Herodotus Histories IV, xiv- xvi, c.440 BCIn his fifth-century BCE chronicle of the Graeco-Persian Wars, Herodotus describes a challenge that European scholars have faced for two and a half millennia (Drace-Francis, 2013: 1). Since Antiquity, discussions of just what ‘Europe’ is, descriptively and normatively, have not been resolved and consensus has been reached that multiple ‘Europes’ exist. Recent events in Europe, though, suggest that while the boundaries of Europe are, and will forever remain, quite unknown, the boundaries of EUrope are becoming identifiable.
‘Europe’ has long been an unsatisfactory metonymic synecdoche for the post-war European project, in the form of the ECSC, EEA, EC, EEC, and now EU. ‘EUrope’ distinguishes the specific political project, whose boundaries are not merely a question of academic curiosity or policy making but a source of significant discontent, anxiety and violence in contemporary Europe. This book has been drawn together to study the manifold aspects of how EUrope’s multiple boundaries are emerging.
EUrope is changing. Partly in response to internal anxieties over rapid integration and expansion, as witnessed in the Dutch and French rejections of the proposed European Constitution in 2005, and partly in response to external pressures and responses by EU and national governments, namely the Great Recession, austerity and the migration crisis, EUrope’s changes are manifesting. The most visible manifestations have been Brexit; the rise of Euroscepticism and illiberal democracies; the eurozone crisis and economic disparities across the EU; the immigration and asylum crisis; and mounting perceptions of a democratic deficit and a legitimacy crisis of EU institutions. As this book argues, these have not just affected national and EU-level statecraft. They are causing significant shifts in the discourse of Europeanisation, integration and dis-integration of the EUropean project.

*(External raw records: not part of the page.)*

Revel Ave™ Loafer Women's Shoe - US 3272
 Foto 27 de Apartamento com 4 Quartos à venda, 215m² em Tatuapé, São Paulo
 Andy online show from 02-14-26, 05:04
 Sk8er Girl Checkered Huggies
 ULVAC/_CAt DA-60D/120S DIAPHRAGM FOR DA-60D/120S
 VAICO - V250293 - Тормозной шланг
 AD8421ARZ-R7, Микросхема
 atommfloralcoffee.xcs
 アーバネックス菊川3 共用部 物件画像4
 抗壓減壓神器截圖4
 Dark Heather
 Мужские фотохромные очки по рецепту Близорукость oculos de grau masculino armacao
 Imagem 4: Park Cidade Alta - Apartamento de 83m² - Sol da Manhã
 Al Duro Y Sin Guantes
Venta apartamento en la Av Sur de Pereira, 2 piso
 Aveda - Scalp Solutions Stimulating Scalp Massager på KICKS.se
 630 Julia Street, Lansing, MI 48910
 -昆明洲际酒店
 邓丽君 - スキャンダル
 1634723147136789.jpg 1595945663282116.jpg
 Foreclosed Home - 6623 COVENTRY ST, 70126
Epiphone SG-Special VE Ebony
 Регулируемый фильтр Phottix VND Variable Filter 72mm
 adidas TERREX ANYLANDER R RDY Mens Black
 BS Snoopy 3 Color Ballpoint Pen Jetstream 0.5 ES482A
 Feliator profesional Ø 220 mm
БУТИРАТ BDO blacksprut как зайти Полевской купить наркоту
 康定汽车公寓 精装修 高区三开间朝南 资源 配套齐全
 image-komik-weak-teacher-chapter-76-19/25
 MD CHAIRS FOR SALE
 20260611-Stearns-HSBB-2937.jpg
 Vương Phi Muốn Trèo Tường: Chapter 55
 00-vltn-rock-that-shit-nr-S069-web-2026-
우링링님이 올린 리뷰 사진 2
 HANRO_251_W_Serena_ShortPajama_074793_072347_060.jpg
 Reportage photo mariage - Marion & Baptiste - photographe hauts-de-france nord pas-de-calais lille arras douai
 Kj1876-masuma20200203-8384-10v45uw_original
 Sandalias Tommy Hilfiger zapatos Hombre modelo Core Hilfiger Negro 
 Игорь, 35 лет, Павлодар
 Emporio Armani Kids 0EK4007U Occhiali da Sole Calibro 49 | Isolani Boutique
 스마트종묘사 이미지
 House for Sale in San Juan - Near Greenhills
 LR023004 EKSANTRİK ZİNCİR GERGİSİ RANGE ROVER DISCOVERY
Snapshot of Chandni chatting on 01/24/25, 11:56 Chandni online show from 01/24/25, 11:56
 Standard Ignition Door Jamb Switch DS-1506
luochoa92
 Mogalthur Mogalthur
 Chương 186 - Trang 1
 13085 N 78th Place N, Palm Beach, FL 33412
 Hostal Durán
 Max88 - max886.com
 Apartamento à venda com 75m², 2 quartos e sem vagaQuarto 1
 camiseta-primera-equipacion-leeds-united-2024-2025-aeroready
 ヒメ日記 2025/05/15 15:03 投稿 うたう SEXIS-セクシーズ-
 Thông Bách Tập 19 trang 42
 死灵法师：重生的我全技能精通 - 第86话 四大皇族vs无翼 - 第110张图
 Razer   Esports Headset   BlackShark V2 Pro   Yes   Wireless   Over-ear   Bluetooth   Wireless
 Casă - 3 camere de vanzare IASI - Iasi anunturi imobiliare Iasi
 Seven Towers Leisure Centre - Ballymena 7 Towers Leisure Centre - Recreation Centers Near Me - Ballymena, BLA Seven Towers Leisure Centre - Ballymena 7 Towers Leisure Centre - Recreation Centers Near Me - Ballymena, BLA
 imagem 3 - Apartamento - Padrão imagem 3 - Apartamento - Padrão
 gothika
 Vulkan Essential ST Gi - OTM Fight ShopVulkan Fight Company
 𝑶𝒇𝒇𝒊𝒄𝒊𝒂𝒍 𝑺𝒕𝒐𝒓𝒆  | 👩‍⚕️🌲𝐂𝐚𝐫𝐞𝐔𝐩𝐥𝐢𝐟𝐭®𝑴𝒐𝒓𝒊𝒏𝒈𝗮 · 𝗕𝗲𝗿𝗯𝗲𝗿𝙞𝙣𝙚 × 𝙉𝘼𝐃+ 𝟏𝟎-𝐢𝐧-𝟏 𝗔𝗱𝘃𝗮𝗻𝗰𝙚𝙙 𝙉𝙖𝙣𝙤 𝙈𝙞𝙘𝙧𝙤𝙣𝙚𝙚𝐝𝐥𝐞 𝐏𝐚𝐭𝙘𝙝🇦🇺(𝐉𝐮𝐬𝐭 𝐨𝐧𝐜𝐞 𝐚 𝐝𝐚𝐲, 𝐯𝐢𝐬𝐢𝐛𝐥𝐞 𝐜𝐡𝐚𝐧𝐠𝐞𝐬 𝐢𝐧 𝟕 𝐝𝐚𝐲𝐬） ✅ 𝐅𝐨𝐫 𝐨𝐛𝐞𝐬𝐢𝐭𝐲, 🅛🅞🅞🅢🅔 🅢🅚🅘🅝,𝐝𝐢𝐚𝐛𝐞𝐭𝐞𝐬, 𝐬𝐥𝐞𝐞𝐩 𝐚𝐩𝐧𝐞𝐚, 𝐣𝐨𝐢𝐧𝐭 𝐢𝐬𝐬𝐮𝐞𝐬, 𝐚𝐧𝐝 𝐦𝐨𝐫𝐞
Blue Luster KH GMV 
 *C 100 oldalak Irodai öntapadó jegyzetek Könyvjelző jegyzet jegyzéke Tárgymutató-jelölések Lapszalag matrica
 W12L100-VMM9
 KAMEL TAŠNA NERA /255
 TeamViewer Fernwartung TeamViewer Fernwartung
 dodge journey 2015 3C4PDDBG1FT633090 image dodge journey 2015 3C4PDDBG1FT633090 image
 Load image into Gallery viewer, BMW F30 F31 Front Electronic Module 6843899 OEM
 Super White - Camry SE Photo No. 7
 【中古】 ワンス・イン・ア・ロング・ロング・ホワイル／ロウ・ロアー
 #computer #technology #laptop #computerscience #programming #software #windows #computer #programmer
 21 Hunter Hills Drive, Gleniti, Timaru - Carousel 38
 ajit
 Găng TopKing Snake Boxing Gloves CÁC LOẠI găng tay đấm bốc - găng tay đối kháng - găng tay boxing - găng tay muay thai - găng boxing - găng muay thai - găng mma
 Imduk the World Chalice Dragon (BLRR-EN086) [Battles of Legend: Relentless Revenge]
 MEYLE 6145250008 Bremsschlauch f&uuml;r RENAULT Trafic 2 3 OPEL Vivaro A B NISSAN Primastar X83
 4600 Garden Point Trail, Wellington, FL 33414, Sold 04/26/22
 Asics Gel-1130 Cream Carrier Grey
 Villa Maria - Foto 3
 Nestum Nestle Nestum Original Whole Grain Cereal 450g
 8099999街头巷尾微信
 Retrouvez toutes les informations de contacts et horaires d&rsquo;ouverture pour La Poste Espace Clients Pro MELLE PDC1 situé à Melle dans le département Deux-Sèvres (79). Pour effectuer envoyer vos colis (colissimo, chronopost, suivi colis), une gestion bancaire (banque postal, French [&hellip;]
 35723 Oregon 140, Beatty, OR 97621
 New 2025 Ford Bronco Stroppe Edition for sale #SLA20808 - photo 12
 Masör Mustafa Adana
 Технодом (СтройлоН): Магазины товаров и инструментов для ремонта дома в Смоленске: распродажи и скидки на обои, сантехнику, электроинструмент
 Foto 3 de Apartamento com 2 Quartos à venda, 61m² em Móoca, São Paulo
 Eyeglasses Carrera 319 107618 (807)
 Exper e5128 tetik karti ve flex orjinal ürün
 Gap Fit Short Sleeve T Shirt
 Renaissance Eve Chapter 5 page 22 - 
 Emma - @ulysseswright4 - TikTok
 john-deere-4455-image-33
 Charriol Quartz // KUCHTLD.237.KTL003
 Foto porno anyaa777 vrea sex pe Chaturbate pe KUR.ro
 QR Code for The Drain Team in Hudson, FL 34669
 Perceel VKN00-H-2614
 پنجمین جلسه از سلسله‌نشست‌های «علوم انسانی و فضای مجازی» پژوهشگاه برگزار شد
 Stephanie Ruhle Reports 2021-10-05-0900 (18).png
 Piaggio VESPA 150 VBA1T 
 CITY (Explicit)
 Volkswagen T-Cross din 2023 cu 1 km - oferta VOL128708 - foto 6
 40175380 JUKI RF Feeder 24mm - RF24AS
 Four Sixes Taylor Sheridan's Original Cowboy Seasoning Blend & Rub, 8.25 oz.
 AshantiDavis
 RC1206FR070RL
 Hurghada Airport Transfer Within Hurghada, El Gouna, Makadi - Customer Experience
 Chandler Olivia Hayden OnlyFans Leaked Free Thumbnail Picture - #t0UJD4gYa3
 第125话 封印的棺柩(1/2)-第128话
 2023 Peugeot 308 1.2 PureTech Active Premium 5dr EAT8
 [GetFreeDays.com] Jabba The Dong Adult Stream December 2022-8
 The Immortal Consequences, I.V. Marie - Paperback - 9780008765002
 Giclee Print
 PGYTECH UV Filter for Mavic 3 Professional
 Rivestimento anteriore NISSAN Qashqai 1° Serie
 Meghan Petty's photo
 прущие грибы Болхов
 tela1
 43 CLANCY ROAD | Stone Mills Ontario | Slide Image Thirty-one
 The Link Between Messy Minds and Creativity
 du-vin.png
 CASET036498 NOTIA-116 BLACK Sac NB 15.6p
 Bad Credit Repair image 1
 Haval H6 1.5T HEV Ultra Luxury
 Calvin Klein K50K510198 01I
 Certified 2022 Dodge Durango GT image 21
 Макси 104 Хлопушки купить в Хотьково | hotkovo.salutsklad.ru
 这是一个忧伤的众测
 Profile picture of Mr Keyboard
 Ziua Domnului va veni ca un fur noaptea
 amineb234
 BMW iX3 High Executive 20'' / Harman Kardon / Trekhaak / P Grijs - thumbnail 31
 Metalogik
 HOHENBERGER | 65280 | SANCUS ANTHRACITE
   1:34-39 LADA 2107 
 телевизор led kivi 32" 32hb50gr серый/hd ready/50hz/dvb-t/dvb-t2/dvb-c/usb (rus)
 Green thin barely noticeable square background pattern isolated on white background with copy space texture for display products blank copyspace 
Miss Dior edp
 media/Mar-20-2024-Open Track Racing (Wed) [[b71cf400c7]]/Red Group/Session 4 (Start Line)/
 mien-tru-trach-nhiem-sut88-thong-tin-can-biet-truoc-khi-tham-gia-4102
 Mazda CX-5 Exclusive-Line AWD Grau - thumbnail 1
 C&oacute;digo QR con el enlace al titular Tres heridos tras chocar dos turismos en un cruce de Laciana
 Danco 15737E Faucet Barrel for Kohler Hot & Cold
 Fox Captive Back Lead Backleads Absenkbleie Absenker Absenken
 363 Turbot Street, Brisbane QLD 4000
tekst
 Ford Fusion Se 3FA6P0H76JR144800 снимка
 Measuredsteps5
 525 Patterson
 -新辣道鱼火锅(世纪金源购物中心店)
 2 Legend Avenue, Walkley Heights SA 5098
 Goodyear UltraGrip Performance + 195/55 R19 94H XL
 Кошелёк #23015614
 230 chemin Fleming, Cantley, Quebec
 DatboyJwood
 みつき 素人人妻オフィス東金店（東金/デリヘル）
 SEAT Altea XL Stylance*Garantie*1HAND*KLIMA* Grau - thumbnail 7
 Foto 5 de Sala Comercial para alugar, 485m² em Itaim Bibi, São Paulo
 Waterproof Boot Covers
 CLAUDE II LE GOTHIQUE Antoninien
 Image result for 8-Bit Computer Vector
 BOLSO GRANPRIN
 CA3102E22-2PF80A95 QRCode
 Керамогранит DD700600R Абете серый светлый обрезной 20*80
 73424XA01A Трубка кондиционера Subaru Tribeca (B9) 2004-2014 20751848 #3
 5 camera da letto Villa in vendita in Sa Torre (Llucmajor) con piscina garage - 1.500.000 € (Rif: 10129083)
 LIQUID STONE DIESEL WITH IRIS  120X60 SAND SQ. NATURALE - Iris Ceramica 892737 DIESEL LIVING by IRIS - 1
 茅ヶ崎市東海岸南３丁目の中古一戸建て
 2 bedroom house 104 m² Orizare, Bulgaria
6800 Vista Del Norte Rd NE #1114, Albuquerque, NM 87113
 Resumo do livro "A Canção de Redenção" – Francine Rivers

Theories of de-Europeanisation have been understudied. In 2014 Hans Vollaard questioned whether the EU’s own processes of integration are driving support for dis-integration, even predicting that the British would leave the EU – but not fully, due to an unclear exit process and the complexity of withdrawal. For Vollaard, a British exit might compel partial exits by other member states.